Is this 2% of ones total assets?


----------



## Steven Barrett (31 Oct 2016)

monagt said:


> Is this 2% of ones total assets?



Total assets invested. I had asked her how much she was investing and priced the work accordingly. Missey told me other advisors told her there would be no charge to her. Were they doing it for free?


Steven
www.bluewaterfp.ie


----------



## monagt (31 Oct 2016)

SBarrett said:


> Total assets invested. I had asked her how much she was investing and priced the work accordingly. Missey told me other advisors told her there would be no charge to her. Were they doing it for free?
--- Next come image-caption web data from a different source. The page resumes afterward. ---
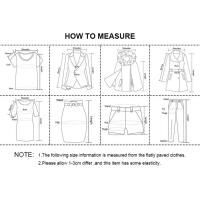 Shoufeistore Primavera 2025 Nuevos Trajes Color Borgoña Pantalones Para Mujer Oficina Señora Elegante Cintura Alta Pierna Ancha Pantalones De Moda Con Bolsillos Negro Gris - details 0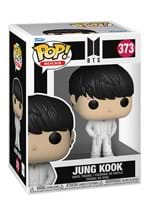 POP Rocks BTS S4 Jung Kook Alt 1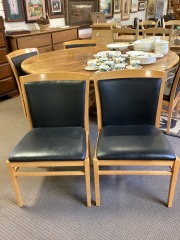 Dining Chair (6)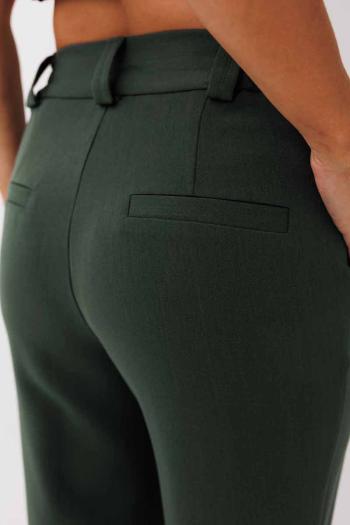 MisLana 1267-1 - фото 6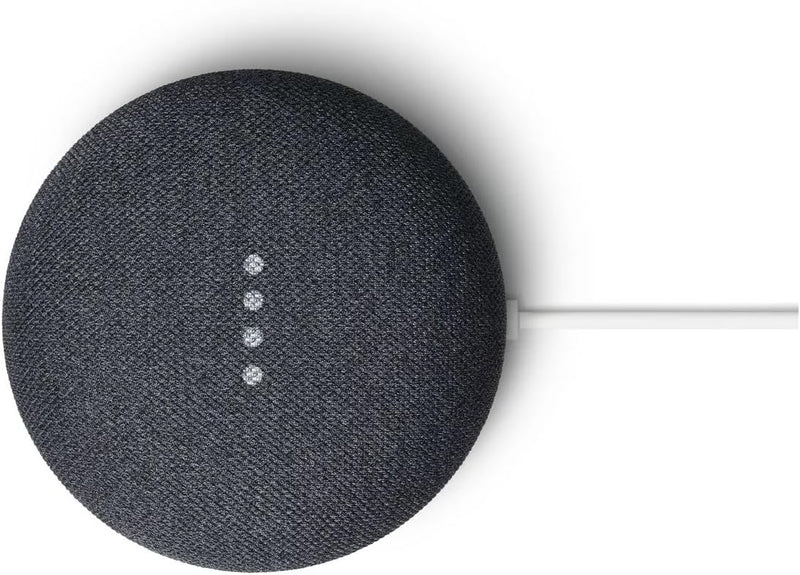 Bluetooth Speaker Google Home Mini Play Music From Phone Google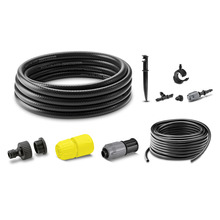 Kastmiskomplekt Karcher 2.645-276.0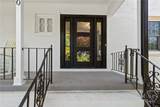 400 Somerset Drive - Photo 7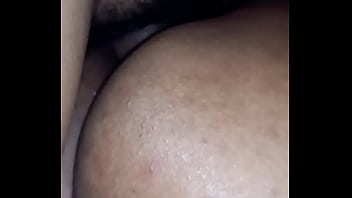 Wife's pussy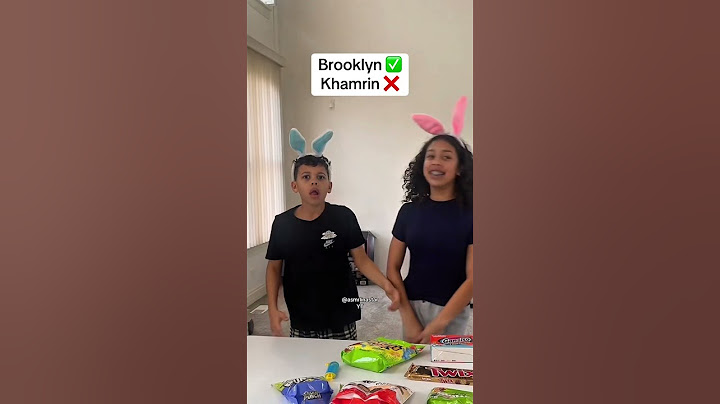 Snack GRAB Challenge ends in DISASTER 😡🤣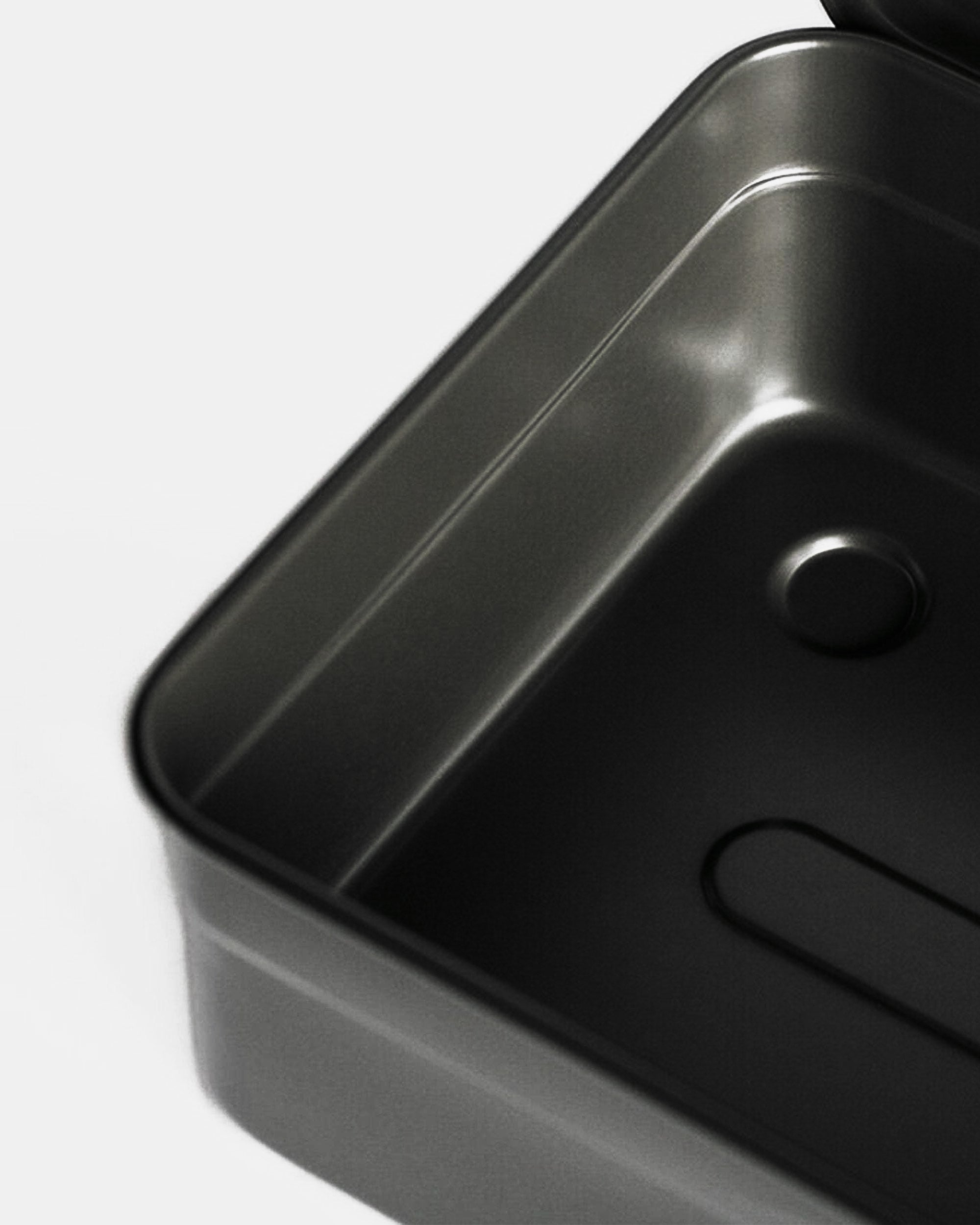 Steel Toolbox Y-350
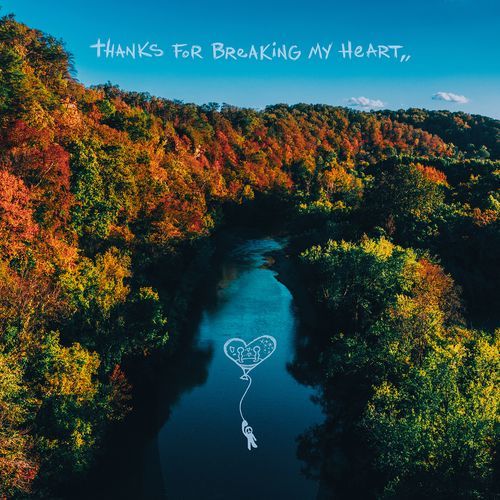 Thanks for Breaking My Heart_poster_image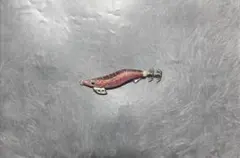 Item thumbnail for item 6172b2a6-53b8-4920-ba4e-bc0f456af723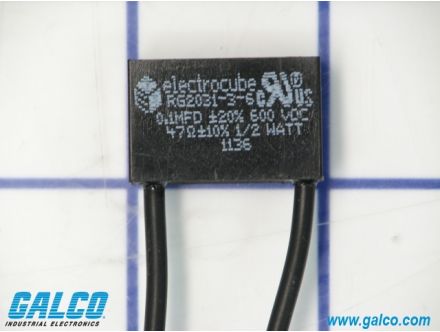 RG2031-3-6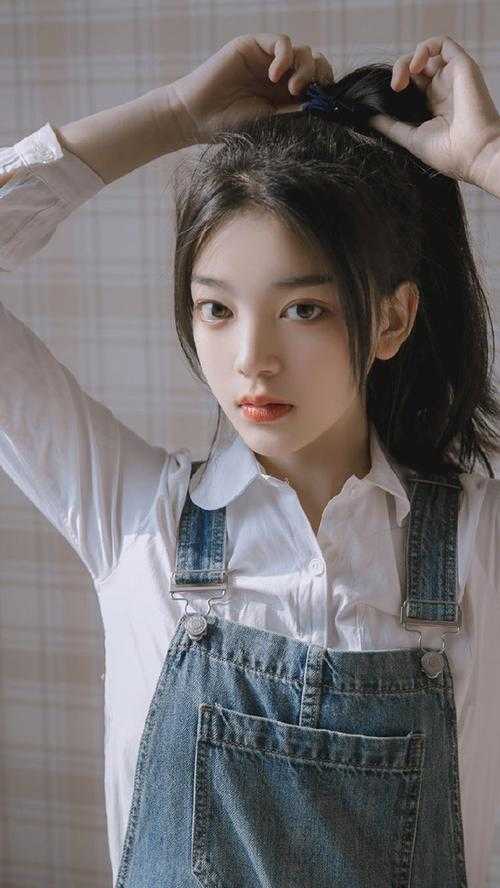 断亲后，姐姐你别来找我的小说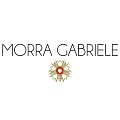 Morra Gabrielle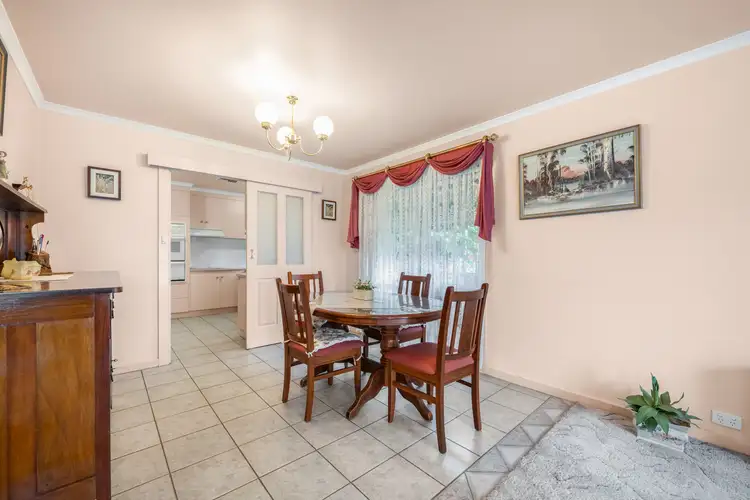 Sixth view of Homely house listing, 29 Montebello Drive, Mount Gambier SA 5290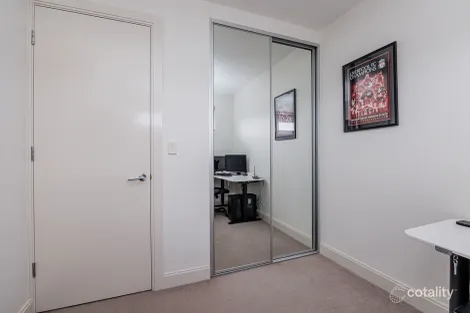 Property photo of 11 Reid Street St Clair SA 5011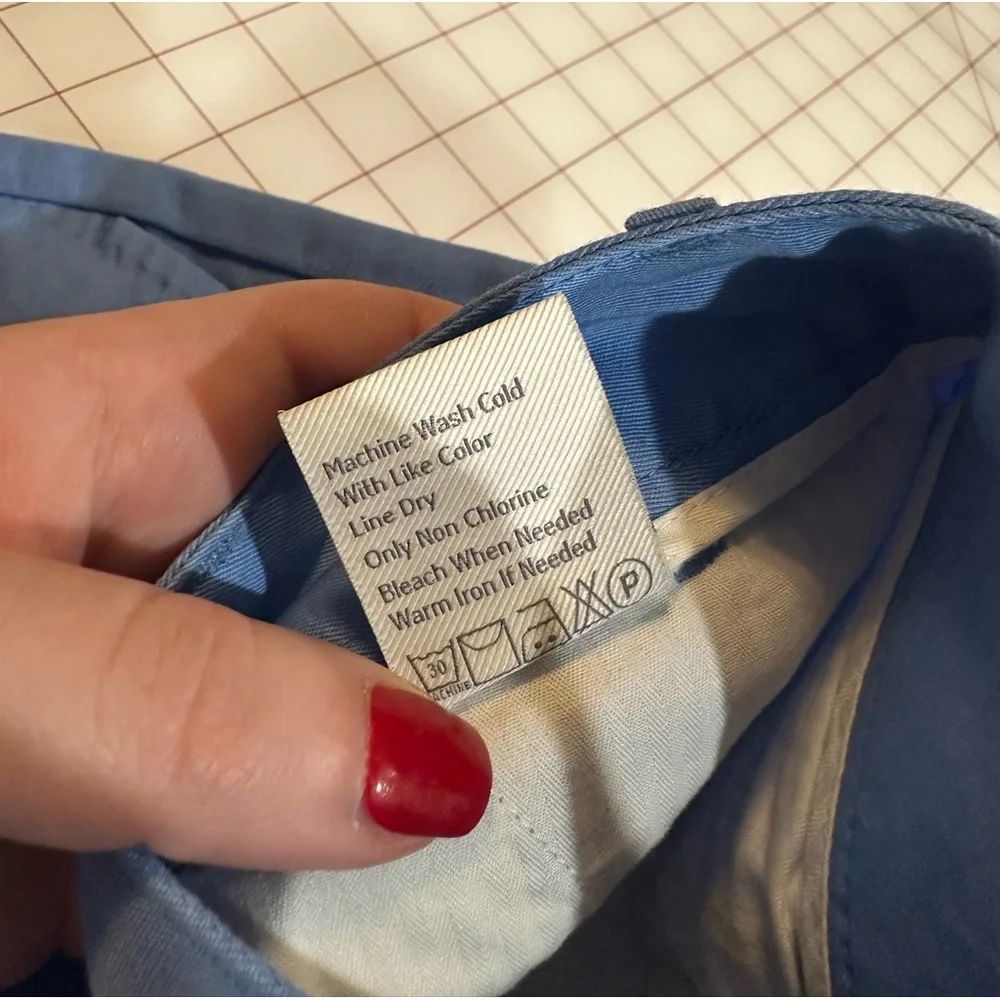 J. Hilburn nwt perfect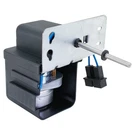 Imm Harvest Assist Kit 12306021 Replacement For Scotsman 12-3060-21. Fixed Price $189.99.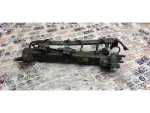 06A971902 | Kablo Tutucusu | VW Bora, Golf, New Beetle - Audi A3 - Seat Ibiza, Leon - 1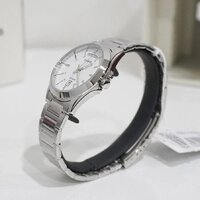 Наручные часы Casio MTP-1370D-7A3 - Превью изображения №2 — Интернет-магазин Teono.by
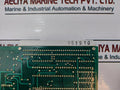 Valmet 542844-7B Printed Circuit Board 542844-7B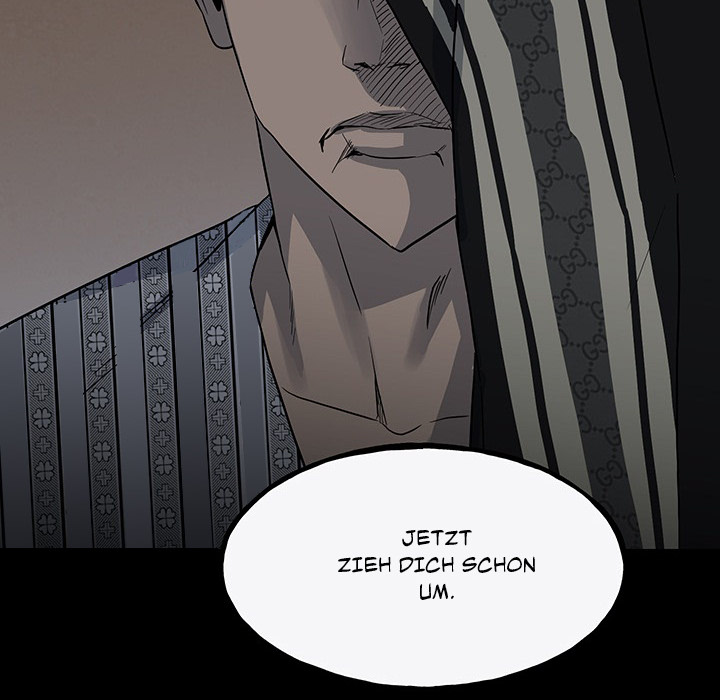 Hermes - episode 98 - 177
Steven www.bluewaterfp.ie



Question not related to Missey 

Say one has PPR, Property X, Equities Y, Cash Z, Income I, is it PPR+X+Y+Z+I x 2% as a fee for a Financial NCT & Plan?

Or is a separate Fee?

Thx, M


----------



## Steven Barrett (1 Nov 2016)

monagt said:


> Question not related to Missey
> 
> Say one has PPR, Property X, Equities Y, Cash Z, Income I, is it PPR+X+Y+Z+I x 2% as a fee for a Financial NCT & Plan?
> 
> ...



God no! Missey wanted investment advice on the implementation of an investment for a sum of money. 

A financial plan is completely different. I charge a fee of €1,500 for a financial plan. If you require me to do any work afterwards, there is a charge for that as it is separate work. 

Steven
www.bluewaterfp.ie


----------



## monagt (12 Dec 2016)

SBarrett said:


> God no! Missey wanted investment advice on the implementation of an investment for a sum of money. A financial plan is completely different. I charge a fee of €1,500 for a financial plan. If you require me to do any work afterwards, there is a charge for that as it is separate work. Steven   www.bluewaterfp.ie



OK got it for the Financial Plan, then is it 0.5% of all assets, investable/invested assets, equity, Income stream or *is there a quoted fee for advice?
*
If I am not asking the right questions, please enlighten me.
*
Thx. M *


----------



## Steven Barrett (12 Dec 2016)

I'm not sure I'm following you correctly. 

If someone comes in for a financial plan, the cost is €1,500. 

If they have work they want me to implement afterwards, I charge for that separately. 
If some of that work is investment, pension business, there is also 0.5% charge on the assets I manage. There is no charge for assets outside of my management. 

Steven
www.bluewaterfp.ie


----------